**PROVIDED DATA**.
[Start of Attachment]

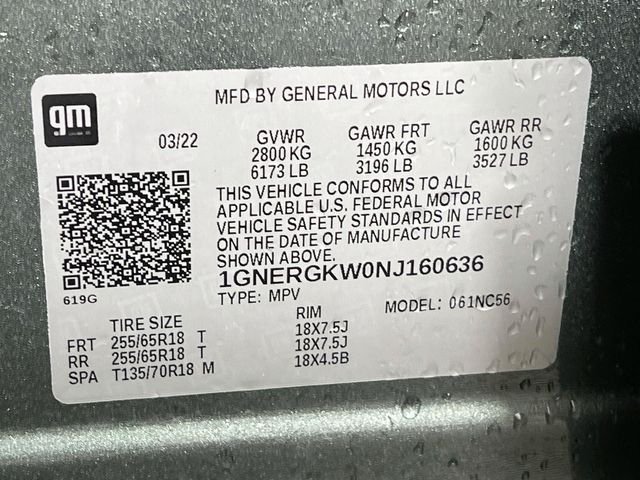 2022 Chevrolet Traverse 1LT - Photo 30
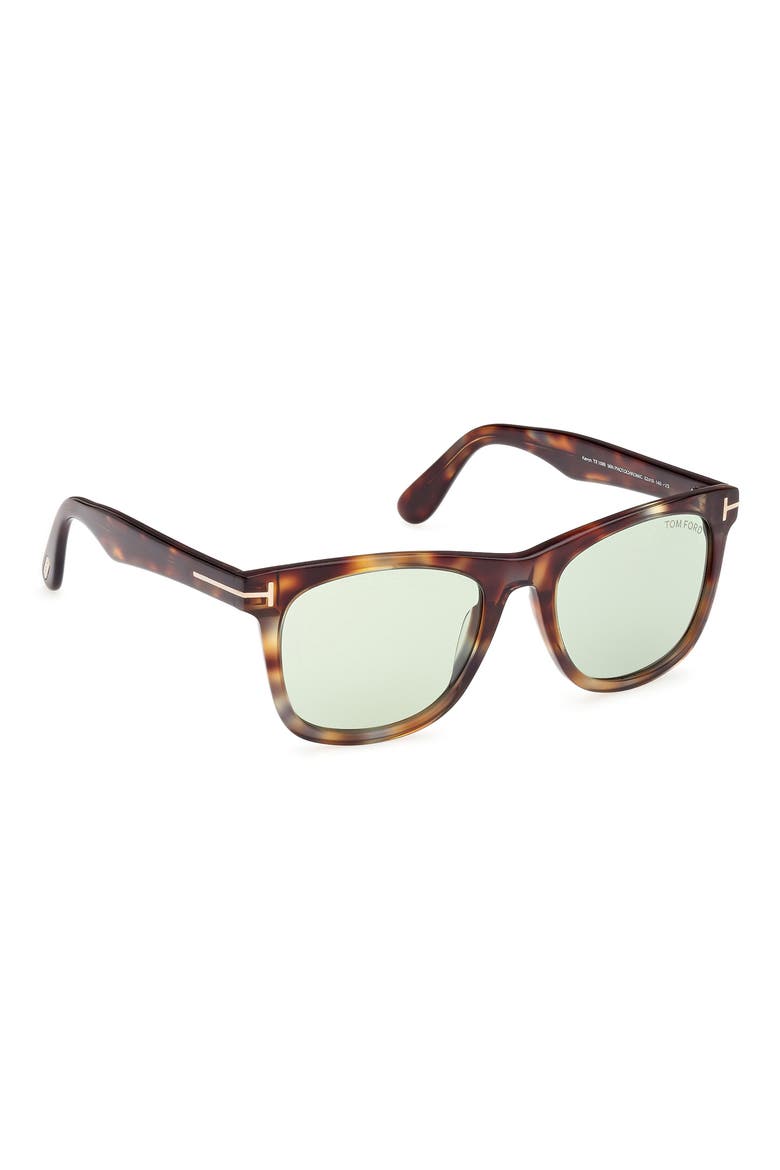 Photochromic Kevyn 52mm Square Sunglasses, Alternate, color, VINTAGE / LIGHT HAVANA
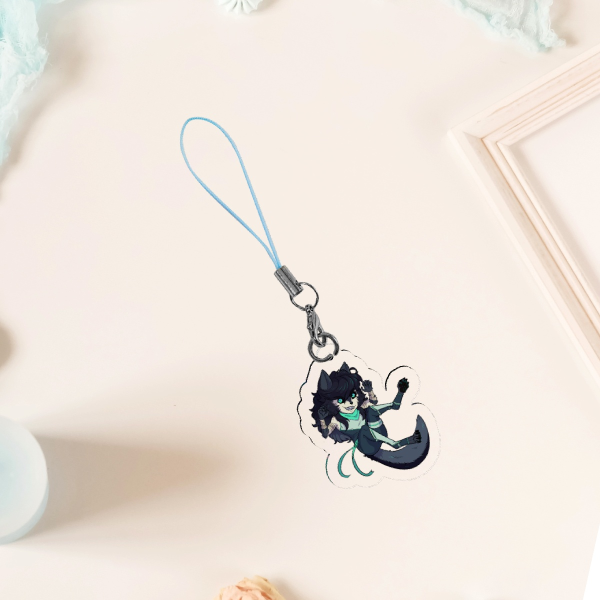 Half-beast Seluna Mini Charm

[End of Attachment]

Lines from the one containing "Photochromic Kevyn 52mm" through the end of the listing, both included, are to be restated exactly, and pictures are to be left out.

**YOUR SOLUTION**.
 Photochromic Kevyn 52mm Square Sunglasses, Alternate, color, VINTAGE / LIGHT HAVANA
 Half-beast Seluna Mini Charm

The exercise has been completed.